What was once a mighty empire really needed help this time!    Okay, this isn't a joking matter, but it goes to show the relevancy of a single country's credit worthiness to the rest of the world.    In fairness,  Greece isn't a big country and it probably doesn't need a lot of money to bail her out.   However, given how the investors have played this particular issue recently, we are witnessing that billions of dollars of stock market value is at the mercy of Greece's problem.    Isn't it interesting how we are so connected these days?    Of course, the Greece issue isn't that simple because it merely shows the investor's fear when it comes to any sort of insolvency concern, whether it's from a bank or a country.

Today's rally is the result of speculation that a European consortium is in the process of putting a plan together to aid Greece.    Nothing is concrete at this point,  but it's largely expected that some bailout will come out of this and limit contagion.    Market closed at 1070.50, which is right at the resistance point we’ve talked about this week.   The USD dropped significantly/ Euro ticked up and all of the commodity related names moved higher as a result.    We have been playing some commodity names off our list today and we do feel there's a good probability that the momentum lasts a bit longer in this sector given the current relevance to a bailout.    As far as the overall market,  it's just a bit hard to imagine that market can start a meaningful leg up any time soon.    It's definitely somewhat healthy for this market to settle down its emotion and repair its recent technical damage.   Ideally, we need to test the recent bottom at some point to call 1044 a bottom. 
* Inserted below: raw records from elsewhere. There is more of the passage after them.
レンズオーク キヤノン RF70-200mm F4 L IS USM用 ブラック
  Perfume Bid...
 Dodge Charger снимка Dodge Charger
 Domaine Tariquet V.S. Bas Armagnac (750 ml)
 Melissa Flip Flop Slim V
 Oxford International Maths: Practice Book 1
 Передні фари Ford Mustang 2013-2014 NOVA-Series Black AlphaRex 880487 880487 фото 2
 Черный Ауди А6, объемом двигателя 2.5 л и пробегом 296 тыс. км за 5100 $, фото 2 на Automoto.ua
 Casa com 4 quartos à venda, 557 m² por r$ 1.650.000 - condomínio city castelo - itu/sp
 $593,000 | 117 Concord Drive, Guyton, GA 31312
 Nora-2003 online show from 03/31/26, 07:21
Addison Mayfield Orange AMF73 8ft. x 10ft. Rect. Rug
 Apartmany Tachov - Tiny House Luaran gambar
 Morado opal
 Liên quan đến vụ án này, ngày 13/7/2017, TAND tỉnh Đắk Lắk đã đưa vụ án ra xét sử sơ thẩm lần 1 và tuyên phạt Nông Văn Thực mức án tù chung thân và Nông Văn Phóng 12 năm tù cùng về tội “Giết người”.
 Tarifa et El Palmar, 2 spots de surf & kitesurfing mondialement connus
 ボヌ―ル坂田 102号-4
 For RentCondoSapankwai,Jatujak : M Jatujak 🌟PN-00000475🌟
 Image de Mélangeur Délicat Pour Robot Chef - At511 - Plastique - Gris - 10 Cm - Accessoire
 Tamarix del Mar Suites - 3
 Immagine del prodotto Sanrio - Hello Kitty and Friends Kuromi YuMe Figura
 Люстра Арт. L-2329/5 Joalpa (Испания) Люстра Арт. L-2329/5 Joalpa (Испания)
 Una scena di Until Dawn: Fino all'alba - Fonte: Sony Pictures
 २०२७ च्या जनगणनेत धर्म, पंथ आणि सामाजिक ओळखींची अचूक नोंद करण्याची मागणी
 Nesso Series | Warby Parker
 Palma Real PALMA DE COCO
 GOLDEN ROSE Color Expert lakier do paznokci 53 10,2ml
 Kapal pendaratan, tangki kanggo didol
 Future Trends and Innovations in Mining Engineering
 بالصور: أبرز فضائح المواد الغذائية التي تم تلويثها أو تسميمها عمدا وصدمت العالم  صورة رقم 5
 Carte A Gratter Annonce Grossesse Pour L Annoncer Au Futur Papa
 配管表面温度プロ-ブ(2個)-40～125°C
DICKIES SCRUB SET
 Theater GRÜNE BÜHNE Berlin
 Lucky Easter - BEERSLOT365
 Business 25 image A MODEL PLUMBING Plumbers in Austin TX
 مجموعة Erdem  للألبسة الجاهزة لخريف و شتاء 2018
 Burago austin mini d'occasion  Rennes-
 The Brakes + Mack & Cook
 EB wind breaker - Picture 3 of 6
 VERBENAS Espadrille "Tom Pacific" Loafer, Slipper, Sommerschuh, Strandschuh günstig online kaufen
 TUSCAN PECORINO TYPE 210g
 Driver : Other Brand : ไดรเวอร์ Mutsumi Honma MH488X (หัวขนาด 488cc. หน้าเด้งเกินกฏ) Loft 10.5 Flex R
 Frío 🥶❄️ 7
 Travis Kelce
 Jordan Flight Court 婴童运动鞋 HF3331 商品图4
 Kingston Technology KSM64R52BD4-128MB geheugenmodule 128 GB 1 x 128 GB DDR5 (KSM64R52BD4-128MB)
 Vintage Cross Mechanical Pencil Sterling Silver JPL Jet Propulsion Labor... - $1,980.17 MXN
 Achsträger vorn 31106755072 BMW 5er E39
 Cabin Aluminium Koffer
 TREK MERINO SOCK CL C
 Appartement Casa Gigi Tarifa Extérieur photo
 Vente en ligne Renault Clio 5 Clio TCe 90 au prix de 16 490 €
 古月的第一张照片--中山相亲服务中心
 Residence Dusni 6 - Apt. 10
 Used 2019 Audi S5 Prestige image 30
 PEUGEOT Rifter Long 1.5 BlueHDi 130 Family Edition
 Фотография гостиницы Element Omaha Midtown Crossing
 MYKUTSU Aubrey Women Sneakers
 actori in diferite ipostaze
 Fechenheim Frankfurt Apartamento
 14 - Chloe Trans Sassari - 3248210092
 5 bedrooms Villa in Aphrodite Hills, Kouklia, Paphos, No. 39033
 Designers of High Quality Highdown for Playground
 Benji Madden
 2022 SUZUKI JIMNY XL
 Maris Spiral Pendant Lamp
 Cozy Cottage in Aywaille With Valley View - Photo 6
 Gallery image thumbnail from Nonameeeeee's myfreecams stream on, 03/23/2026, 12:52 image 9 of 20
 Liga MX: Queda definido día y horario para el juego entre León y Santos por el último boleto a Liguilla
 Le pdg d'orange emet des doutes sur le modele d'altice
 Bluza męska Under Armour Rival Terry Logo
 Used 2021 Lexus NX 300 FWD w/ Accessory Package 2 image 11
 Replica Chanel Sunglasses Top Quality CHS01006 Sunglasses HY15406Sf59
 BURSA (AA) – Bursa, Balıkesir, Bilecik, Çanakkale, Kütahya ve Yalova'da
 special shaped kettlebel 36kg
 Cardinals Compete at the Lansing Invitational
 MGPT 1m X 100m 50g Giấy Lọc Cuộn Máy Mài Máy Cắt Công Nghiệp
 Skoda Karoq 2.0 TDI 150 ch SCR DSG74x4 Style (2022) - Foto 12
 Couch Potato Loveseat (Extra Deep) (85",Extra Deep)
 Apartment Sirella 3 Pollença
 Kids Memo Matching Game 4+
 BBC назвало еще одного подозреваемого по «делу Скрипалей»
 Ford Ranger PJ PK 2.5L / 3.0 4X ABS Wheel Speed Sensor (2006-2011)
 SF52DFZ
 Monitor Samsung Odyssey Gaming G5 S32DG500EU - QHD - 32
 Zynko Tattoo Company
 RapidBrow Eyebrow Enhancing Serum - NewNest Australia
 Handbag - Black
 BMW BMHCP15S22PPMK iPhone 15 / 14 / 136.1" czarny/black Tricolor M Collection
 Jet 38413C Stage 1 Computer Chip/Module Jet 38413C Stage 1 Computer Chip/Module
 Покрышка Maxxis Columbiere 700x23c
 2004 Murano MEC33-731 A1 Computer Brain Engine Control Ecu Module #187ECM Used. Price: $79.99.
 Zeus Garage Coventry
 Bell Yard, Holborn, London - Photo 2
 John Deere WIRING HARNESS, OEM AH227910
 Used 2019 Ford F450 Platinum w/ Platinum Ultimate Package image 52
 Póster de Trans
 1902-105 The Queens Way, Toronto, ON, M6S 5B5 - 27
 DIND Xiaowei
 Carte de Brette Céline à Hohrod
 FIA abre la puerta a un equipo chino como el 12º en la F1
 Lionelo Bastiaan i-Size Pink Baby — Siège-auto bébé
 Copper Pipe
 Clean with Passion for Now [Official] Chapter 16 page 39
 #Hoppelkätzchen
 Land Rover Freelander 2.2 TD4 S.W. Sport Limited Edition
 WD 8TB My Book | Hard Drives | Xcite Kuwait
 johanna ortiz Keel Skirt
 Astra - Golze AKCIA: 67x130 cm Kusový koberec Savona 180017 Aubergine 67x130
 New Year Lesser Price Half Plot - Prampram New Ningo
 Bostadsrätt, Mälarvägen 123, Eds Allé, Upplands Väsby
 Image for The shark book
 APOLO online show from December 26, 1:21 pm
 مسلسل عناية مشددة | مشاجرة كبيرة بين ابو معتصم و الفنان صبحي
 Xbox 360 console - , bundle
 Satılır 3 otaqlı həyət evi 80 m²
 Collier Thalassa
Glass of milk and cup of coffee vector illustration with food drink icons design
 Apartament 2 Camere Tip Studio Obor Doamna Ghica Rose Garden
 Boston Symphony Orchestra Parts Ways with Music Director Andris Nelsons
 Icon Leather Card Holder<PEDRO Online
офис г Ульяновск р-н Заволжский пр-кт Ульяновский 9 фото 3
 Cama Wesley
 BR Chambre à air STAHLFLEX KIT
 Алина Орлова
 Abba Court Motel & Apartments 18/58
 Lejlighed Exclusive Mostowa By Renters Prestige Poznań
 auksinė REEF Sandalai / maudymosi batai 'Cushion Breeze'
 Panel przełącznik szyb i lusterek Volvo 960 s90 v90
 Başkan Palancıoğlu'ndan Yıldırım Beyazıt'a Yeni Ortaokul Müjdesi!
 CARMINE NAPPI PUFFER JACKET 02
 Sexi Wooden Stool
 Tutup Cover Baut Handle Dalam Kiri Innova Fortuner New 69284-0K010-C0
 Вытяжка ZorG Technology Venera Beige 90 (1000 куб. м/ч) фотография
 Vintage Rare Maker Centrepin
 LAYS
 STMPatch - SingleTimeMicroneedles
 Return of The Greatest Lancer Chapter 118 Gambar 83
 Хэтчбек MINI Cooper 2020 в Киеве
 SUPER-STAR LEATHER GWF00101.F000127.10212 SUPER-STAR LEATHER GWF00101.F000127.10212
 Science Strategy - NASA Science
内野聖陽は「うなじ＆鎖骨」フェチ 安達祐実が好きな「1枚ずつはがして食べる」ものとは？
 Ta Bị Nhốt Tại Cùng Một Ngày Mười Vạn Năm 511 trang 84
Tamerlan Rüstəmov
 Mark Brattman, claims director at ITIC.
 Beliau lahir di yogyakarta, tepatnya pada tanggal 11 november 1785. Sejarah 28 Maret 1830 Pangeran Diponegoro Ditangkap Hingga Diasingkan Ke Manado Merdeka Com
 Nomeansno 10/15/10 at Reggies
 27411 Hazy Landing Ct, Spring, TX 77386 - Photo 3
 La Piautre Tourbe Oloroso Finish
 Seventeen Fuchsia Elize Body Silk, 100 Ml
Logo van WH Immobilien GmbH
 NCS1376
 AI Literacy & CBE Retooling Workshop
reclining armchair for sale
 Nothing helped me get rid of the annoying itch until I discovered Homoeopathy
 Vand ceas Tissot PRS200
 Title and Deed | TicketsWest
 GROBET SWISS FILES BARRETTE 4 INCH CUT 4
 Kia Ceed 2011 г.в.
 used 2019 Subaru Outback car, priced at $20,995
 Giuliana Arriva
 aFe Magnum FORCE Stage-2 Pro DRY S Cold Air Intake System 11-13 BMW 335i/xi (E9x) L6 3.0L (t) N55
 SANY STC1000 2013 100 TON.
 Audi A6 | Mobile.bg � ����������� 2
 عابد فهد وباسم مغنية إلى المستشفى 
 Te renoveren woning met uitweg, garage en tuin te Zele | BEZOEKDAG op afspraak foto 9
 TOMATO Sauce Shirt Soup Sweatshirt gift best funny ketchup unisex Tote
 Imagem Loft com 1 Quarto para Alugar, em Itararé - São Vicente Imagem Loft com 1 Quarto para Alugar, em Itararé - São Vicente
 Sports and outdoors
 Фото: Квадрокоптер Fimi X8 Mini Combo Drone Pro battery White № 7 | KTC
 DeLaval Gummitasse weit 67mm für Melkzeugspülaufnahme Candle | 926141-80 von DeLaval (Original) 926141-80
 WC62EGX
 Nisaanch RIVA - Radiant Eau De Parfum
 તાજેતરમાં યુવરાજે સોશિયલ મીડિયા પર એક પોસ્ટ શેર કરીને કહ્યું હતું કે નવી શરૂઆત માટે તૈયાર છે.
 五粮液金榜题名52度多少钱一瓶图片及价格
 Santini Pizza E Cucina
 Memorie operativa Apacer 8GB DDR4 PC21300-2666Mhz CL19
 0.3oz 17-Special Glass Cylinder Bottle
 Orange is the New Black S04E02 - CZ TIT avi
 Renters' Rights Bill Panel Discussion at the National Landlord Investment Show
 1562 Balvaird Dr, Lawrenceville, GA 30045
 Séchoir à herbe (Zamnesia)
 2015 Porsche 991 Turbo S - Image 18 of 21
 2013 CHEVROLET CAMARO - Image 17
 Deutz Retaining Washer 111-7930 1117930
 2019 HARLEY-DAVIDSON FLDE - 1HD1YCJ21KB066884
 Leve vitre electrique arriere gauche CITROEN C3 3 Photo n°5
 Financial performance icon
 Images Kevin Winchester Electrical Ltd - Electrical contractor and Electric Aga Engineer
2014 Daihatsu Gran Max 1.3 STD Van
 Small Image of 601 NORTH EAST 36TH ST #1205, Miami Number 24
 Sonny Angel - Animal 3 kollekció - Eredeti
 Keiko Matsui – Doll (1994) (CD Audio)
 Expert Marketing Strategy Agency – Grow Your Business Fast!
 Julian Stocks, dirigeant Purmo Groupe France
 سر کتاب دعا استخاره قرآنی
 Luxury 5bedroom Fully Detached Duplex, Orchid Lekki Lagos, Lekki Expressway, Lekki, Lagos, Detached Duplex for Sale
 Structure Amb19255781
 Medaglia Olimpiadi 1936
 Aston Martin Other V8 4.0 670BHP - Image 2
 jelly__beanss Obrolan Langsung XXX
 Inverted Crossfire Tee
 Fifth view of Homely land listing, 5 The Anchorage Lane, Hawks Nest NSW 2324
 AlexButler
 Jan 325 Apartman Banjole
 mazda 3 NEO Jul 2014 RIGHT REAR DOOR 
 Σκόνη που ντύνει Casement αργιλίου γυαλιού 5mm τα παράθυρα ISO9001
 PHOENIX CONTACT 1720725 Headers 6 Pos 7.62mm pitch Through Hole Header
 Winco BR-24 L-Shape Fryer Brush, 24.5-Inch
In addition, even though the earnings reports have slowed, some names are still showing this market good stuff and overall market is reacting better on an individual stock basis.    In AH tonight, we had DIS BIDU NTGR  report better than expected#'s that appear to be pleasing investors in AMC trading.   Also, VECO, HAR  had excellent reactions and many so-so reports still had upside.   This could be the blessing we noted of getting past the peak of earnings in January as sentiment is changing towards reports.  The oversold conditions of many reporting stocks producing so-so called reports now have basically priced in all the possible bad stuff.

Bottom line, it's only 2 trading days down and already it feels like a long week.   We'll definitely have more Greece related headlines coming our way during the next few days.  Hopefully,  it's positive to keep USD to the downside and give equities a fighting chance.  If this is the case, we do like a trade in the commods here as the short covering alone can give it some nice upside at this point.  *A possible new/ big saga is brewing in US/China relations and will likely takeover the headlines very soon.

Today was simply what Monday was supposed to be after market reversed on Friday.  Today’s news of a probable resolution was the expectation this weekend.   After Friday’s close of 1066, today was the follow -through you can say as we hit H1079 with individual stocks getting better action than on late Friday’s ETF surge.   It is not overstating that now when the Greece bailout is finalized, we may get a sell on the news reaction.   The action from 1044 to 1079 may have priced in the majority of a resolution.   This does not mean commods can’t continue as the probable currency affect of a bailout should help commodity linked stocks.